**Task requirements**
I'd like every entry transcribed word for word, with no pictures.

**Recorded information**
>>>

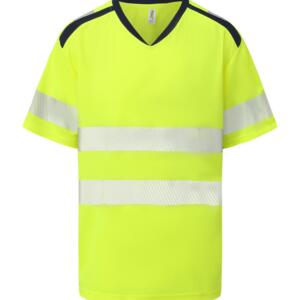 Hi-vis mandarin collar comfort trim t-shirt (HVJ430) Miniaturansicht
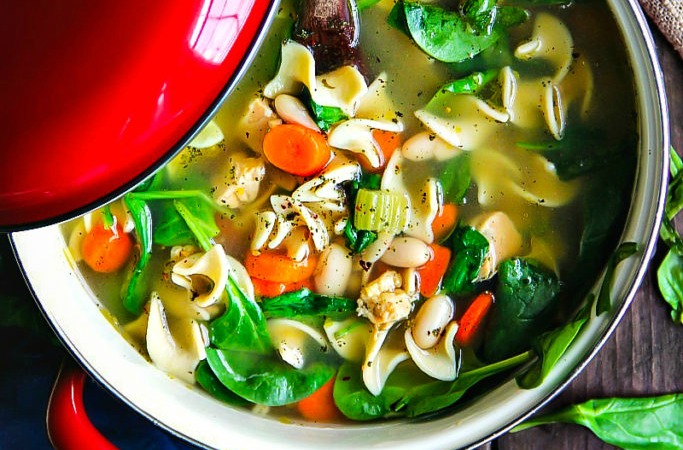 Cannellini Beans and Spinach Chicken Noodle Soup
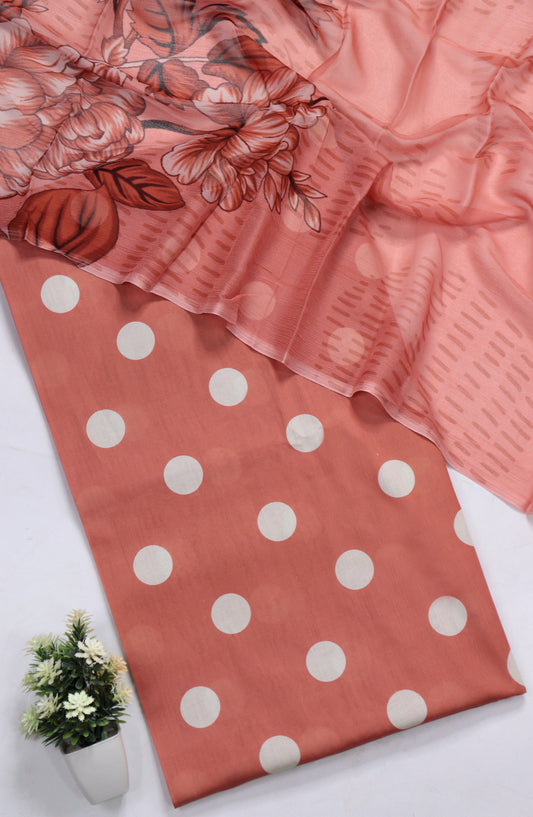 Amna Khadija Polka Dot Printed Lawn Unstitched 3 Piece Suit - D-03 - AM26PLD - Pink - Summer Collection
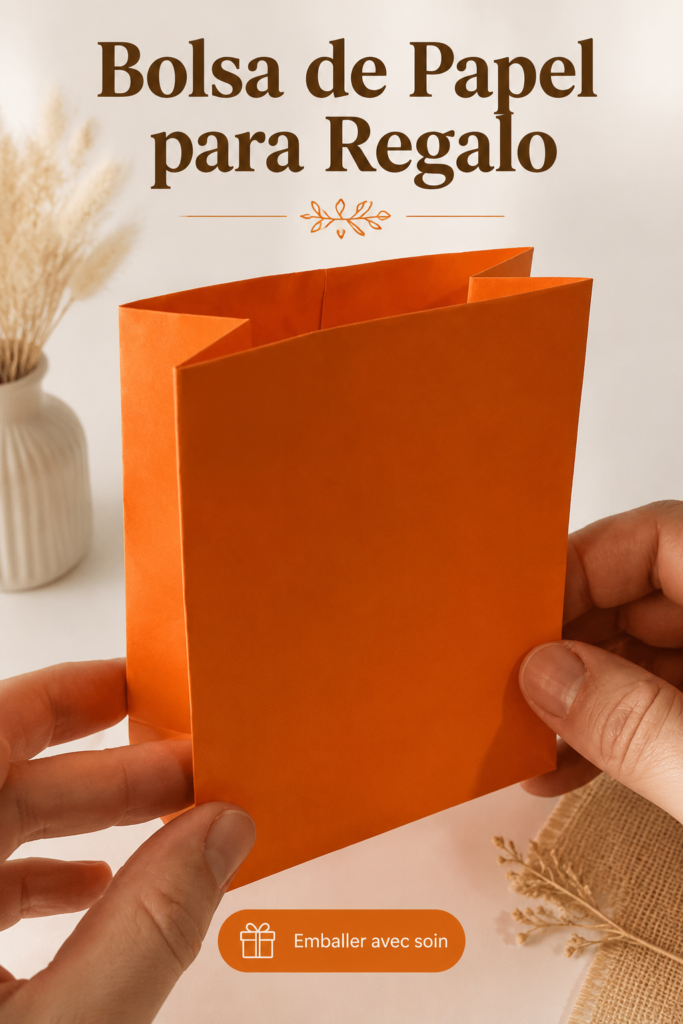 Sac en papier élégant pour emballer un cadeau de manière stylée.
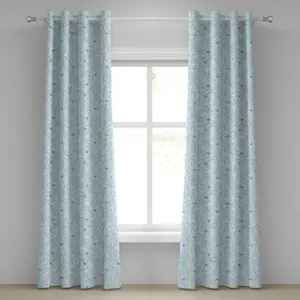 Синяя штора на люверсах ABAKUHAUS, абстрактные цветы с листьями в форме сердца, романтическая, свежая красота природы, декоративные двухпанельные шторы, 280 см x 175 см, цвет бледно-голубой, аквамариновый, белый Abakuhaus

<<<

**Response area**
 Hi-vis mandarin collar comfort trim t-shirt (HVJ430) Miniaturansicht
 Cannellini Beans and Spinach Chicken Noodle Soup
 Amna Khadija Polka Dot Printed Lawn Unstitched 3 Piece Suit - D-03 - AM26PLD - Pink - Summer Collection
 Sac en papier élégant pour emballer un cadeau de manière stylée.
 Синяя штора на люверсах ABAKUHAUS, абстрактные цветы с листьями в форме сердца, романтическая, свежая красота природы, декоративные двухпанельные шторы, 280 см x 175 см, цвет бледно-голубой, аквамариновый, белый Abakuhaus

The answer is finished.